Just wanted to add a few holidays from my adopted/other home country, the Czech Republic (in case of updates to this sticky).
May 8: end of the Prague Uprising, 1945 (and the day before the Red Army rolled in)
July 5: celebrates Saints Cyril and Metoděje, who arrived in the Czech Republic as missionaries around 860 AD and are credited with creating the Slavonic alphabet and language
July 6: commemorates when philosopher and reformer Jan Hus was burned at the stake in the 15th century
September 28: Saint Wenceslas' Day / Czech Statehood Day
October 28: creation of the Czechoslovak state, 1918
November 17: commemorates the student uprising of 1939 and the student uprising on the same day fifty years later (which sparked the Velvet Revolution).
December 5: Saint Nicholas ("Mikuláš," in Czech) Day (On this day, Saint Nicholas--accompanied by a devil and an angel, or at least teenagers dressed up like them--visits children and reads from a book of names, identifying good and bad children.

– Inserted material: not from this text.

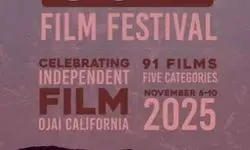 نمایش فیلم‌های ایرانی در کالیفرنیا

Good children get chocolate. Bad children do not. Teenagers love the holiday because they get paid to roam around the city dressed as Saint Nicholas, an angel, or as a devil, visiting various children and motivating them to shape up.)

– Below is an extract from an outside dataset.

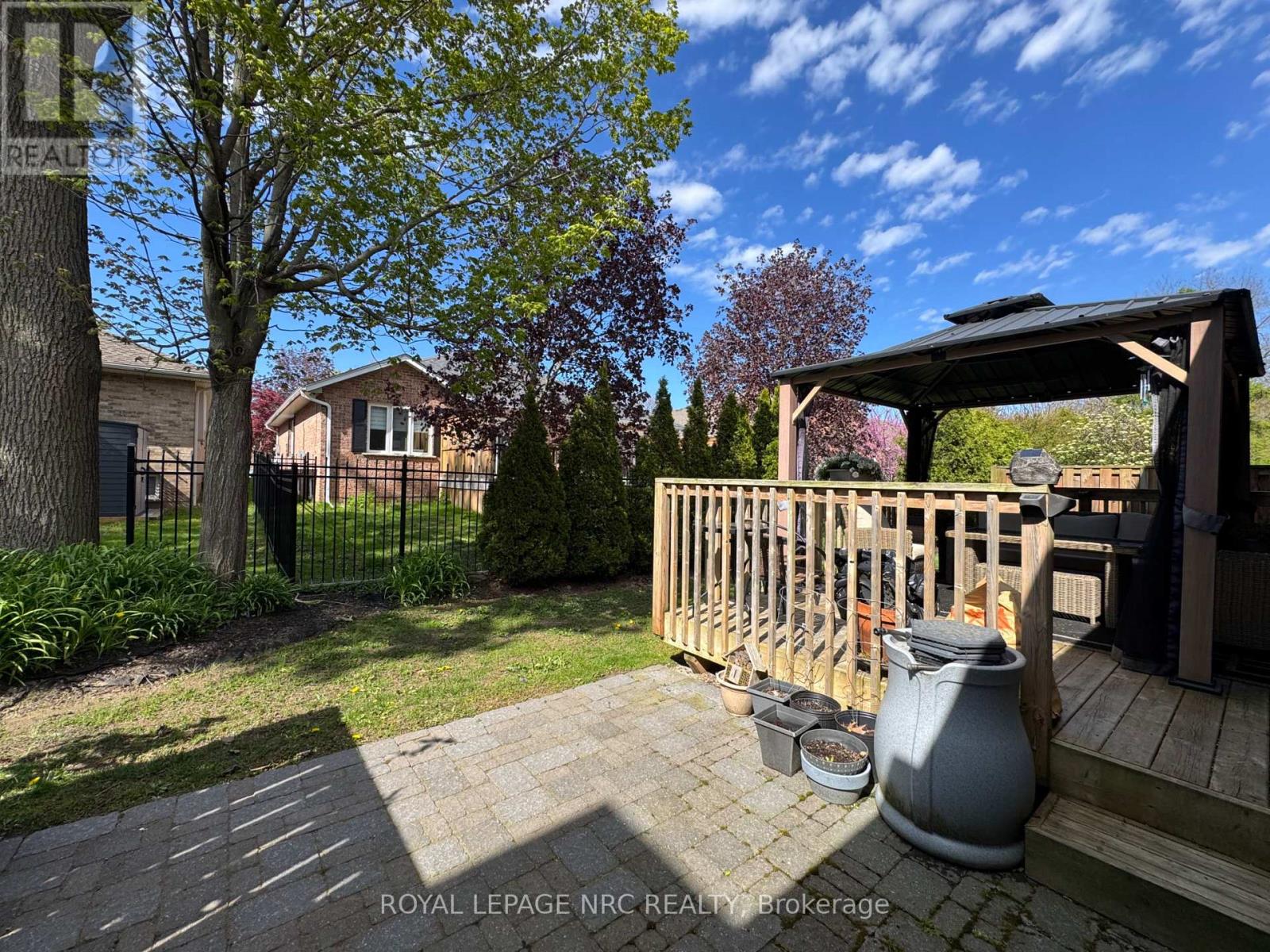 #2 6186 DORCHESTER ROAD - 31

December 24: Christmas. (Celebrated only when you can see the golden pig and three stars in the sky!)
Not technically a public holiday but still of importance:
January 16: anniversary of student Jan Palach's death by self-immolation in 1969 in protest of the Soviet invasion; the twentieth anniversary of Palach's death sparked demonstrations against the Communists that resulted in the Velvet Revolution. Palach's grave in Olšanská cemetery always has flowers on it.
Finally...if the Czech team wins gold, silver, or bronze in the world ice hockey championships, the effect is more or less that of a major national holiday.
(This is not a complete list--anyone else should feel free to add dates.)